Whenever we look at the life of Jesus we see it was different from other lives. Often his actions seem to go from the extraordinary to the ordinary and back again. Speaking to his disciples about a hungry crowd numbering several thousand, he mentions their need of food – an ordinary assessment; then he proceeds to feed them all from a few loaves and fish – an extraordinary action. Travelling across the sea of Galilee on one occasion, we see that he is asleep because he is tired – an ordinary action; then he stands up and calms the storm – an extraordinary action. Here on the cross he has informed a dying criminal that he will enter Paradise – an extraordinary word of authority and comfort; he follows this announcement by ensuring that his mother was taken care off suitably – an ordinary request.
We are not told when Mary arrived in Jerusalem. No doubt she had been in the habit of attending the annual Passover. Probably she had been among ‘the women that followed him from Galilee’ (Luke 23:49). If that is the case, she has experienced a week of highs and lows, of pleasant moments when she saw Jesus respected and admired and perplexing occasions when he was abused and hated. And it is descending into an abyss of horror, at least from Mary’s perspective. Her firstborn son is not only dying, but dying a criminal’s death. Did her mind go back to what had been said to her at his birth by the angel Gabriel, about the greatness of the kingdom of her Son (Luke 1:26-33)? All that could go wrong seemed to be going wrong as far as a surface meaning was concerned. Yet, in fact, nothing was going wrong as far as God’s intentions for his Son and his work of salvation were concerned.
How many women does John refer to?
As we read John’s description in 19:25 it is possible to interpret it as referring to three women or to four women (only John mentions that Mary the mother of Jesus was there). If John means three women, they would be (1) Mary the mother of Jesus, (2) her sister Mary the wife of Clopas, and (3) Mary Magdalene. Against this view is the presence of the same name in the one family, which was highly improbable in a Jewish family. If John means four women, they would be (1) Mary the mother of Jesus, (2) her sister, (3) Mary the wife of Clopas, and (4) Mary Magdalene.
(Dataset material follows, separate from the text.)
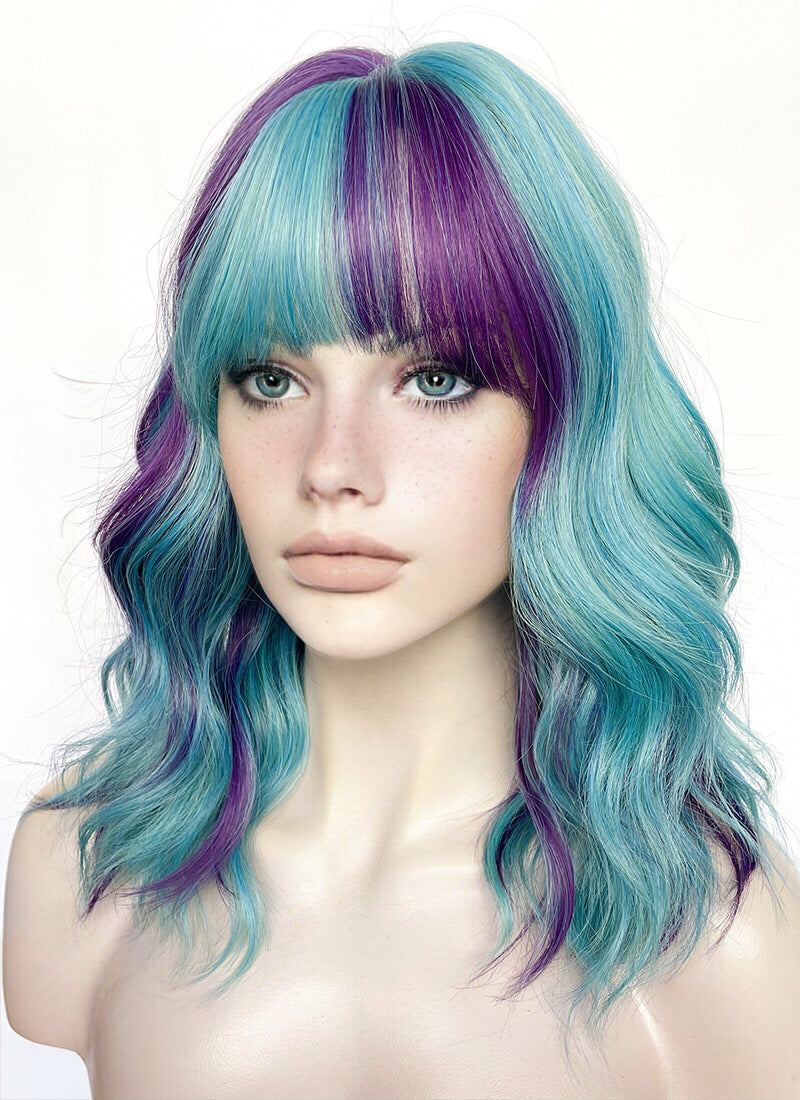 Blue Green Purple Mixed Wavy Synthetic Hair Wig NS514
When we turn to the other Gospels we discover that at least one other woman was there: in Matthew 27:56 a woman at the cross is described as the mother of the sons of Zebedee (James and John) and in Mark 15:40 a woman at the cross is called Salome. This means that it is possible that the mother of James and John was the sister of Mary, the mother of Jesus. If that is the case, then John was the nephew of Mary and the cousin of Jesus. This would explain at a practical level why John was asked to take care of Mary. The fact that John does not name his mother is actually a confirmation that she is intended, because throughout his Gospel John does not mention either himself or his family members by name.
It is very striking that the ones who are closest to Jesus physically at the cross are a group made up of several women and one man. Why were they there? The answer, I suspect, is straightforward. They loved the Sufferer and therefore were faithful to him. Sometimes we wonder how we can be faithful to Jesus in such a difficult day as ours is? Well, it is not yet as difficult as standing by the cross of shame in a literal way. But the steps of faithfulness to Jesus are governed by the strength of our love for Jesus and the enjoyment of his love for us.
A prediction fulfilled
We noticed in earlier studies with regard to the two previous sayings of Jesus on the cross that each was a fulfilment of prophecy. The first saying is connected to the prediction that the Messiah would make intercession for the transgressors and the second saying is connected to the prediction that he would be numbered with the transgressors. The third saying was also connected to a fulfilment, although the original prediction had been made after Jesus was born when Simeon, a man Mary met in the temple, told her that a sword would pierce her soul (Luke 2:35). Now it was happening. She was now experiencing that piercing – it was a mixture of grief, disappointment, bewilderment and tender love. Yet although she did not realise it at the time, the occasion of her greatest distress would also become the basis of her eternal comfort, through what her Son was doing on the cross.
A connection to Psalm 22
As we know, psalm 22 is a Messianic psalm, perhaps the most profound of them because it describes the agony of Jesus on the cross. Twice in the psalm Jesus refers to his mother: ‘Yet you are he who took me from the womb; you made me trust you at my mother’s breasts. On you was I cast from my birth, and from my mother’s womb you have been my God’ (vv. 9-10). Jesus needed God’s protection and provision at his birth when there were so many dangers around. Spurgeon comments that Jesus, now ‘fighting the great battle of his life, uses the mercy of his nativity as an argument with God’. One of the church fathers Eusebius commented that Jesus, as he surveyed his mangled body, looked back to the formation of it at his birth and comforted himself that the God who had originally provided it and honoured it by the indwelling of the Spirit, would yet make it, once it was immortal, the joy of the angels and the support of his people.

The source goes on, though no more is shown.